I have spent the last week talking about CRM and SCRM to three retail companies. They cover different, although overlapping ranges and are of very different organizational maturity states. They are also on different positions on both, the CRM and SCRM scales. What they have in common are a desire to have a 360 degree on their customers and the opinion that it is important to excel on the service side. They also are looking for or running tier one enterprise systems with Oracle/Siebel and SAP. None of the three companies is looking at their main software vendors when it comes to “social software”.
The first company, a retailer in startup mode with a wide range, will actively pursue Social Media, for listening but also using it as a sales channel as part of their omni-channel strategy. They want to get the proverbial 360 degree view on the customer, who is “owned” in the marketing department, with PR, not marketing, owning their upcoming Social Media platform, an e-commerce group building the web shop, mobile applications, and sales apps to be embedded into several platforms – yes, there is something else beyond Facebook, if you leave the US. IT organizes and owns the ERP and CRM systems and implementations.
Overall they are striving to implement a superior experience when interacting with their brand, which includes a branded community and listening/engagement abilities in the social web.
The second one, an electronics retailer, wants to become the “best brand in the industry” and looks into a systems implementation from next year on, after some higher priorities are dealt with. These priorities include getting a zoo of technologies migrated into a more manageable architecture and to gain a complete 360-degree on the customer leveraging the existing data and touch points.
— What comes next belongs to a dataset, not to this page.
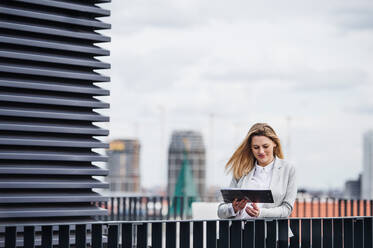 Eine junge, glückliche Geschäftsfrau mit Tablet, die auf einer Terrasse steht und arbeitet. - HPIF18199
The third company is the retail daughter of a mobile phone carrier; their people were listening with some interest when we talked about SCRM. It, however, was clear from the outset that Social Media, to not even thinking of SCRM, is not on their agenda at this time (which is a shame as telcos regularly find themselves at the bottom of customer satisfaction rankings, have e.g. a look at the recent Temkin Group study).
This gives a number of insights on the state of adoption of SCRM, also in the wake of the current discussion about the recently published Gartner Magic Quadrant on Social CRM.
- Companies are still at very different states of maturity when it comes to leveraging the power of the social web
- Even young companies in a build-up phase still look into the topic of creating value for their customers from a traditional company centric point of view; or the other way round: very few companies start to think about co-creating value with their customers yet
- The notion of a 360-degree view on the customer regularly does not yet include the information that consumers leave on the social web. Far from wanting to create a new buzzword we might want to talk about a spherical view on the customer when including social data.
- Companies still have pressing needs resulting from previous implementations that are more important/urgent and are reluctant to start too many parallel initiatives
- The tier one enterprise software vendors are not providing the functionality retailers need for interacting with the social web (shameless plug here: This is one reason why I am building SocialmeetsCRM)
Why is this? I think that the brief analysis that Wim Rampen recently published is right, at least a very good starter. Then it seems that companies currently are looking deeper into their operational efficiencies again, instead of pursuing growth strategies. On top of this the majority of vendors is not yet there, which makes up for an immature and highly segmented market, with no vendor showing the ability to cover all or at least most of their customers’ requirements. As a proof in point one just needs to have a look into the Gartner MQ, which shows a very fragmented market.